Помолчав, Шолохов спросил:
— Есть замерзшие, умершие от голода?
— Такие факты имеют место. Но кто их считает? Никто не считает.
— И что из этого следует?
— Еще больший голод, вот что из этого следует, товарищ Шолохов! — неожиданно вскрикнул Кузнецов сдавленным голосом, точно Шолохов и был в этом виноват, и, замахав руками, зашелся в долгом сухом кашле.
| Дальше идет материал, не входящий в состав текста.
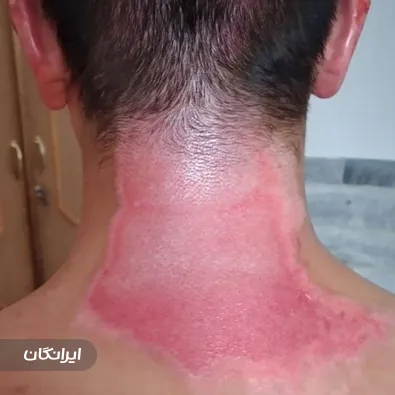 درمانگر زخم داود حسنلو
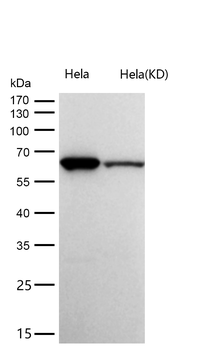 HRPT2 / CDC73 Rabbit mAb [KD Validated] Antibody
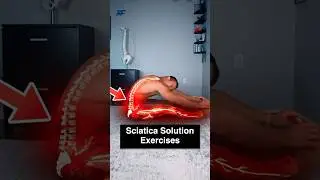 3-Step Sciatica Solution!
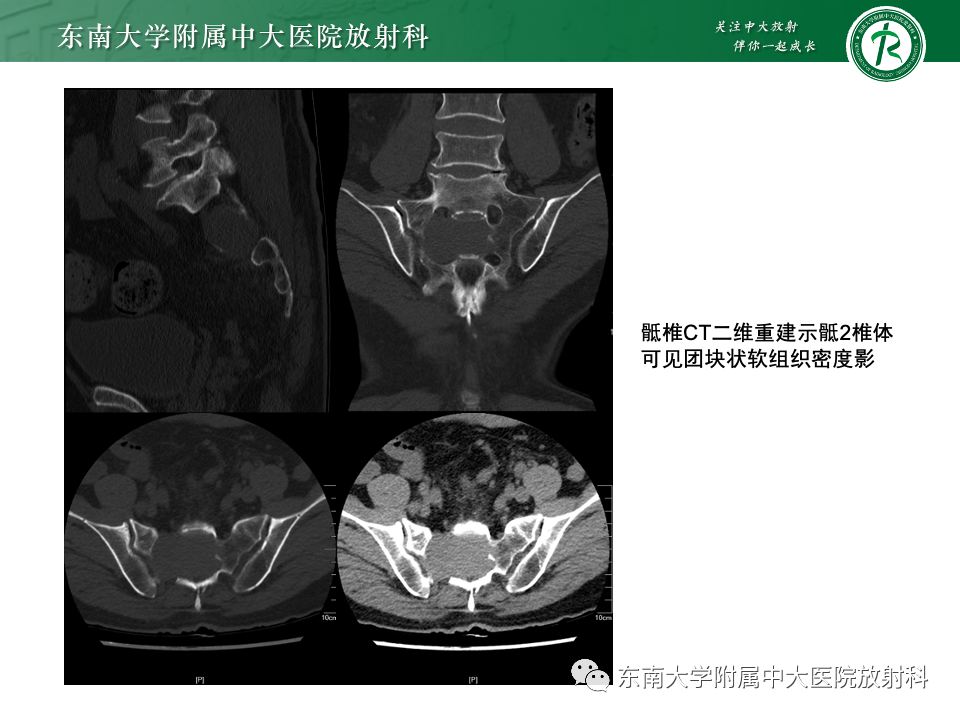 影像PPT - 【PPT】骨孤立性浆细胞瘤-27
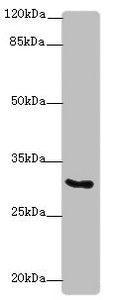 KCNIP2 Antibody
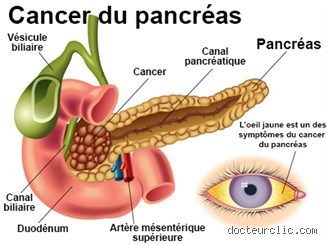 Les kystes pancréatiques disparaissent-ils un jour ? Ce que la science nous dit vraiment sur ces découvertes fortuites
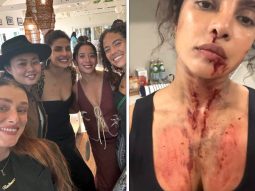 Priyanka Chopra Jonas showcases the ‘glamorous’ side of action as she shares photos of blood and bruise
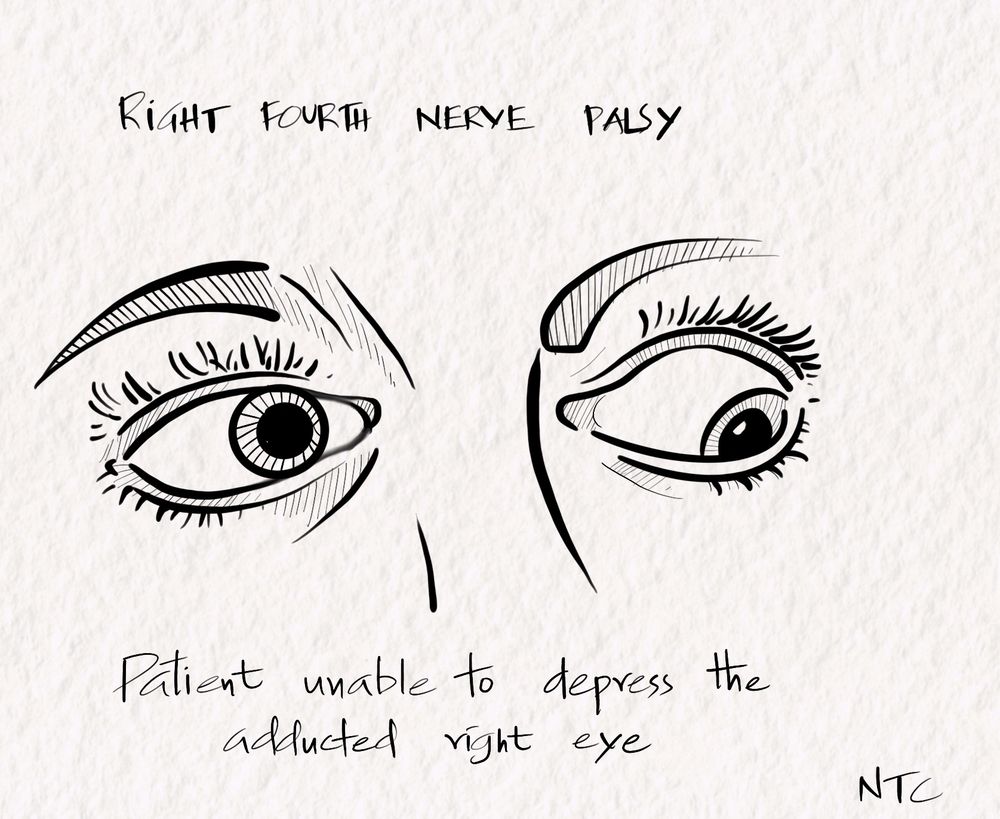 Schematic diagram showing right fourth cranial nerve palsy with patient unable to depress the adducted right eye on looking to the left and downwards.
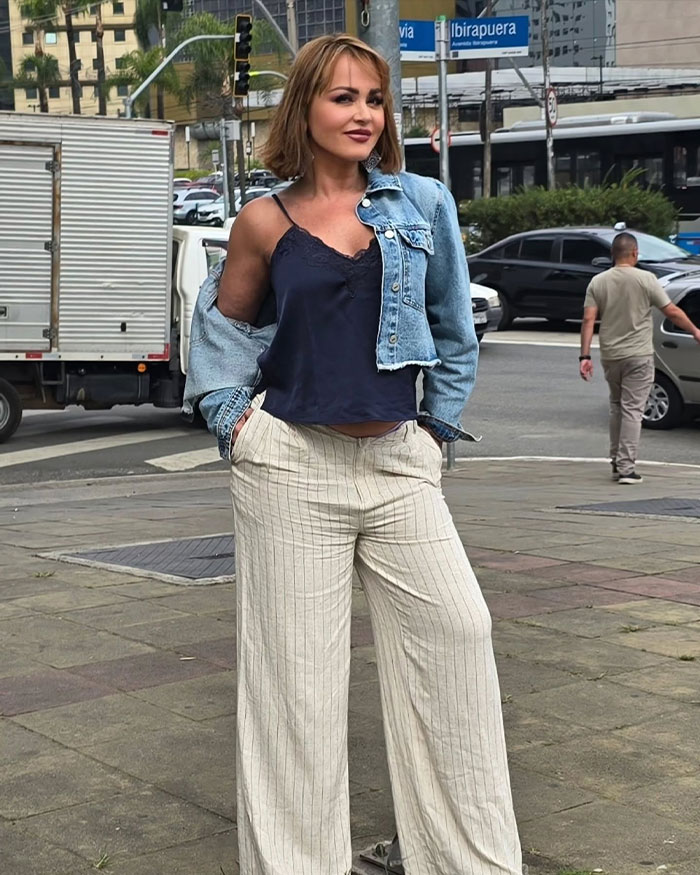 Actress posing outdoors wearing a denim jacket and striped pants, fans divided over plastic surgery clinic before-after pictures.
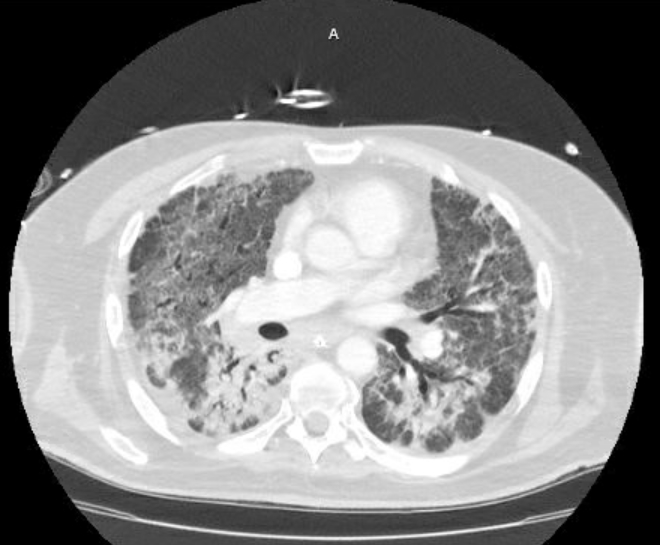 Acute cor pulmonale (ultrasound) (Radiopaedia 83508-98818 Axial lung window 45).jpg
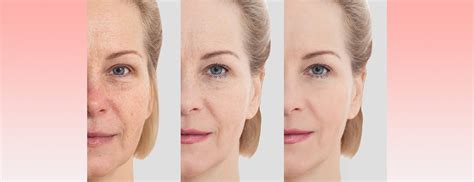 How Facial Rejuvenation Procedures Can Improve Aging Skin Johns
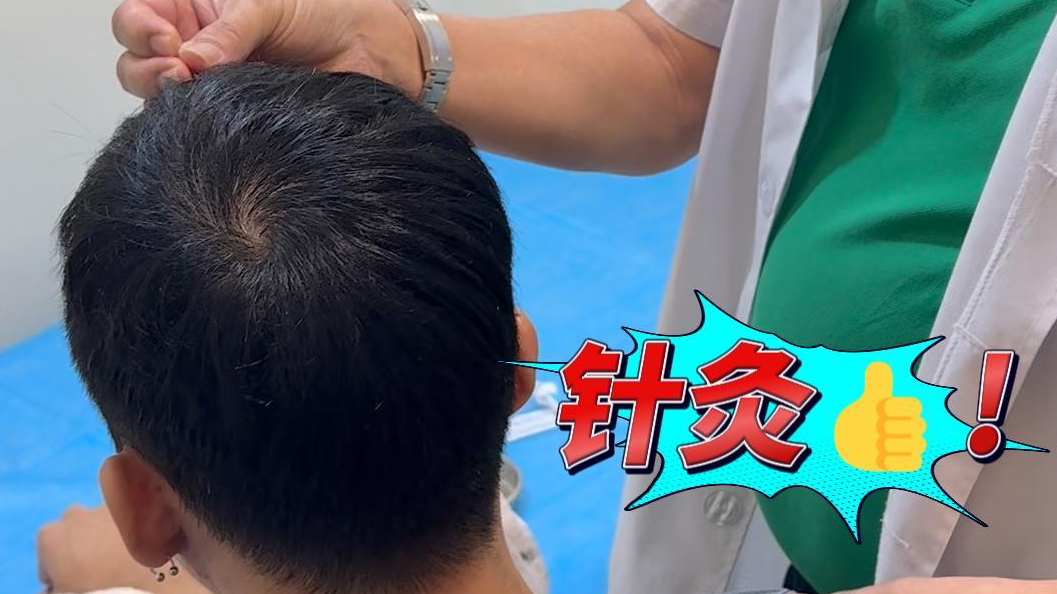 三叉神经痛怎么办？新加坡看疼痛病的中医哪家好？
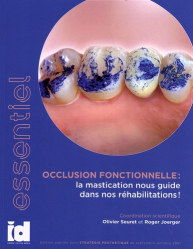 Vous recherchez les meilleures ventes rn Dentaire, Occlusion fonctionnelle : la mastication nous guide dans nos réhabilitations !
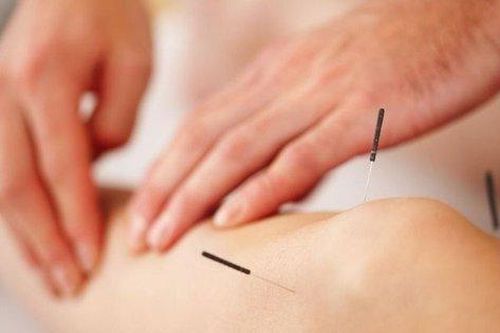 Lưu ý khi châm cứu điều trị viêm khớp dạng thấp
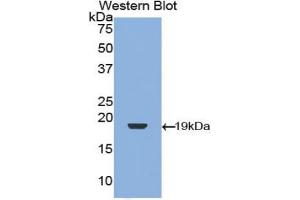 Western blot analysis of the recombinant protein. (TGFB1 Antikörper  (AA 279-390))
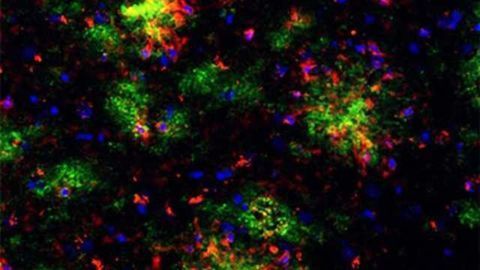 Possible solution for side effect of Alzheimer’s immunotherapy treatment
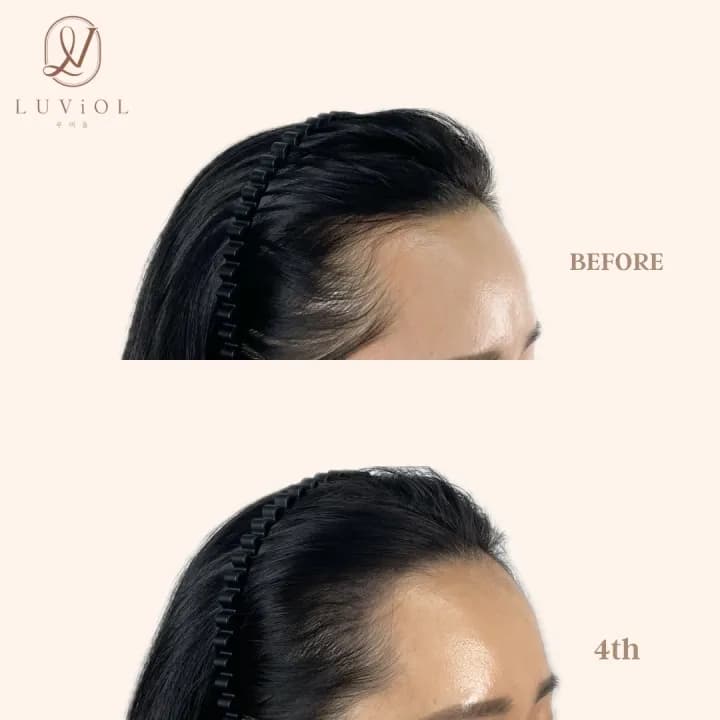 ํค์ด๋ผ์ธ ๋ฐ์๊ตฌ+์์ฑset (์นดํก ํ์น ์ถ๊ฐ์ 40%)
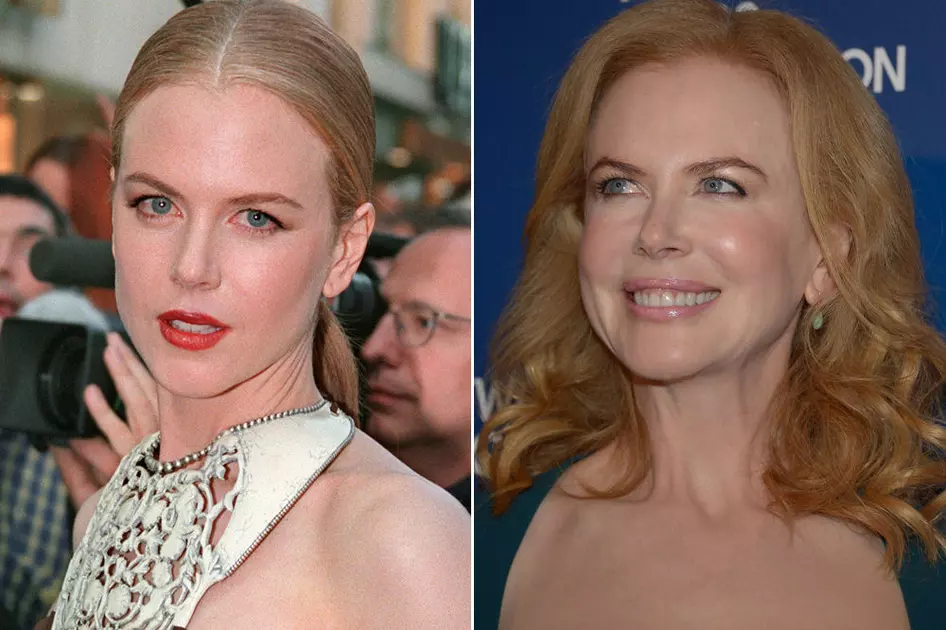 nicole kidman chirurgie esthétique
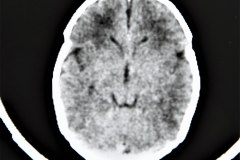 diastasis-suturas-septum-cavum-pellucidum-y-vergae-tac-1992-003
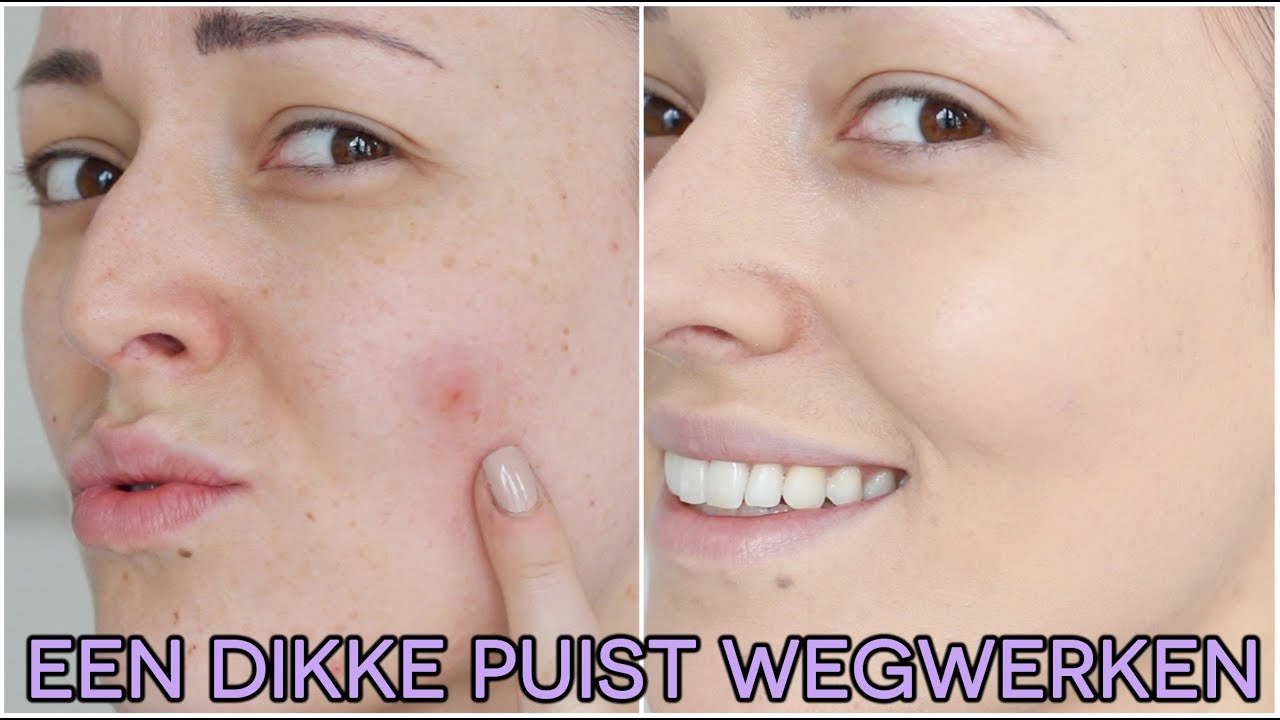 Een dikke puist wegwerken | Beautygloss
Откашлявшись, отдышавшись и вытерев слезы, пояснил:
— Врачи говорят: бронхит. Лечить, говорят, надо. А когда лечить? — И, помолчав, глянул на Шолохова с глубоко упрятанной в глазах тоской, спросил: — Сам-то что думаешь?
— Всякое думаю. И то в голову приходит, и это, и пятое-десятое. Уже начинаю бояться собственных мыслей…
— У меня то же самое, — признался с робкой усмешкой Кузнецов. — А как начнешь вспоминать, о чем мечтали в гражданскую… — И тряхнул седеющей редковолосой головой.
Глава 10
Не сразу, но Шолохов все-таки сел за письмо Сталину. Молчать и ждать, что оно само собой образуется, уже было невмоготу. Тем более что и к нему подбирались тоже: новый уполномоченный Гэпэу, как стало известно Михаилу, собирал на него компромат, строчил доносы. Да и вести шли со всех сторон самые безрадостные, и, получалось, что, кроме Сталина, обращаться было не к кому.
И он, макая перо в чернильницу, заскрипел по бумаге:
«т. Сталин!
Вешенский район, наряду со многими другими районами Северо-Кавказского края, не выполнил плана хлебозаготовок и не засыпал семян. В этом районе, как и в других районах, сейчас умирают от голода колхозники и единоличники; взрослые и дети пухнут и питаются всем, чем не положено человеку питаться, начиная с падали и кончая дубовой корой и всяческими болотными кореньями…»
Перо легко скользило по бумаге, однако, как и всегда, не поспевая за мыслями:
«…Как работали на полудохлом скоте, как ломали хвосты падающим от истощения и устали волам, сколько трудов положили и коммунисты и колхозники, увеличивая посев, борясь за укрепление колхозного строя, — я постараюсь — в меру моих сил и способностей — отобразить во второй книге «Поднятой целины». Сделано было много, но сейчас все пошло насмарку, и район стремительно приближается к катастрофе, предотвратить которую без Вашей помощи невозможно…»
Закончив фразу, отложил перо, раскурил трубку, задумался. Сталин, конечно, упоминание о второй книге «Поднятой целины» воспримет как шантаж, и, чего доброго, остальное тоже. Вычеркнуть?
Встал, прошелся до двери и обратно. Решил: а пусть воспринимает, как хочет! Мне-то все равно деваться некуда. Потому что пишу жизнь, а не Панферовские «Бруски», где, что ни персонаж, то ряженый, и говорит не своим голосом, и все заканчивается ко всеобщему удовольствию, а товарищ Сталин выглядит там этаким добреньким дедом Морозом… Впрочем, и сам ты надеешься на его дедморозовство. Но это по жизни. А в творчестве… В творчестве мне со своей борозды сходить нельзя. Да и поздновато. А там будь, что будет.